GetChildNodes returns incorrect count for StructuredDocumentTag using .NET

Hi, we have attached a docx document containing 5 SDTs.

The problem is that the GetChildNodes method only find 1 SDT. It does not find the SDTs containing Section Breaks.

var docx = new Document("Test1.docx");
var nodes = docx.GetChildNodes(NodeType.StructuredDocumentTag, true);
Console.WriteLine(nodes.Count);

Until Aspose.Words version 19.6 this method was working well, and it was finding all 5 SDTs. But with the latest version of Aspose.Words it is not returning all SDTs. Is there a way to overcome this issue?

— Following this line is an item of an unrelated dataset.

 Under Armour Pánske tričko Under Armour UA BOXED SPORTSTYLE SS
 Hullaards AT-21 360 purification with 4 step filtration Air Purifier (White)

Attached docx.zip (17.0 KB)

@davidepedrocca

As per current Aspose.Words document model, only sections can be inserted into Document node. We already logged this feature request as WORDSNET-13519 in our issue tracking system. You will be notified via this forum thread once this feature is available. We apologize for your inconvenience.

Please check the detail of StructuredDocumentTag. StructuredDocumentTag can occur in a document in the following places:

  • Block-level - Among paragraphs and tables, as a child of a Body, HeaderFooter, Comment, Footnote or a Shape node.
  • Row-level - Among rows in a table, as a child of a Table node.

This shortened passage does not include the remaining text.